2.  How low is your handicap?  In golf your level of ability is measured by your handicap. If you have a single digit handicap you are a very good amateur golfer.

It means that you are probably shooting around 80 or less when you play. To get to that level takes years and years of practice. To be a professional golfer is on an entirely different level.

I’ve read that to obtain a high level of success in just about anything, takes about 10,000 hours. That came from Malcolm Gladwell’s book, “Outliers”.  It is an interesting theory.

So in trading the stock market, how low is your handicap?  Not sure there is a specific way to correlate it. You might try logging and measuring how many hours you are putting into trading to get some sense of where you are.

10,000 hours equates to doing a task full-time or about 2,000 hours/year for five years. If you can only devote 1,000 hours or 19.2 hours/week for 52 weeks then it will take 10 years.

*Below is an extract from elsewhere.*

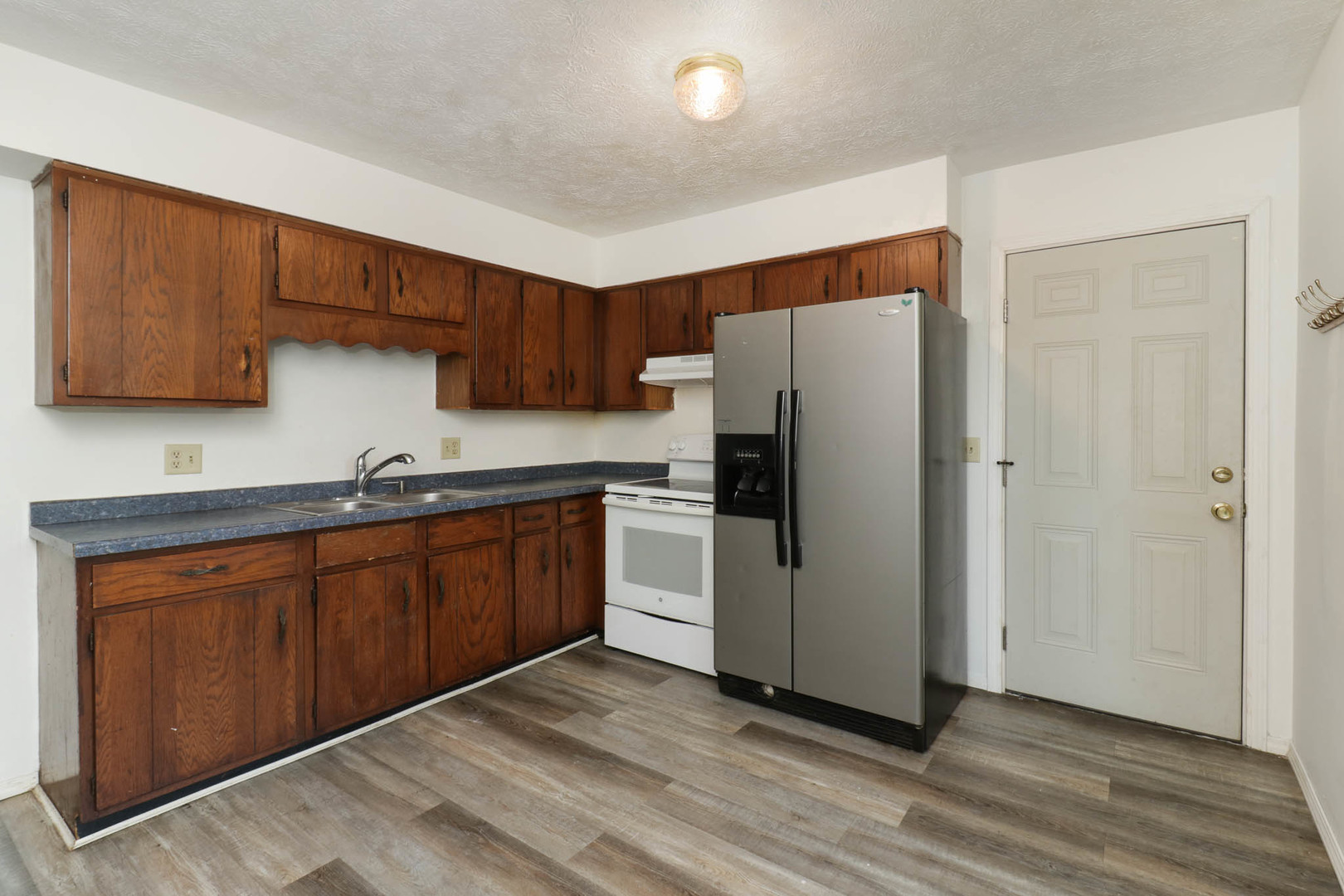 1528 North Hershey Road Bloomington, IL 61704 - Photo 7 of 34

3.  Emotions under control?  When I started playing golf as a teen, I didn’t keep my emotions under control as well as I would have liked but I never threw my clubs in the water or slammed one into a tree.

It’s just really easy to get upset and mad if things don’t go well.  As soon as that happens your round of golf is ruined. You cannot play well when you are tense, upset and emotionally keyed up.

The same goes for trading the stock market.  That is why more and more traders are using meditation to keep the mind clear, calm and relaxed.

But meditation aside, it is just important to keep your emotions under control.  When the emotions get out of control, you try to get revenge, put on trades you shouldn’t put on and try to get your money back.  It usually ends badly.

4.  Frustration Management.  I think about the times when I hit that perfect shot with a 7 iron and it was coming right in on the flag but a gust of wind came up and pushed it into the trap.

Or I nailed a beautiful drive…hit a squirrel on the head and bounced into the woods. (just kidding about the squirrel, maybe a sprinkler head) There are any number of frustrations on the golf course.

To play good golf you just learn to manage them and go with the flow.  The same thing happens in trading.  How many times have you put on a trade, the set up was perfect, but the trade went against you.

Why? Who knows.  But it doesn’t matter, as long as you are following your system and overall your systems works. There are always going to be times where it doesn’t move as expected.  Manage it. Which brings me to number 5.

5.  Course management.  Golfers, especially the pros, talk about course management. Knowing when to hit the driver and when to keep it in the bag.  When to go for the flag and when to play it safe.

It depends on the hole and the conditions. And that’s the thing about golf, every time you play, the conditions are never exactly the same.

In trading I think course management correlates to money management and trade management.  Knowing how much of your account to risk on the trade. Knowing when the odds are more in your favor or not.

Knowing when to take partial profits and when to let it run.  And just like in golf, the conditions are never the same.  So take a cue from golf, develop good money and trade management.

Happy Father’s Day to all the fathers out there!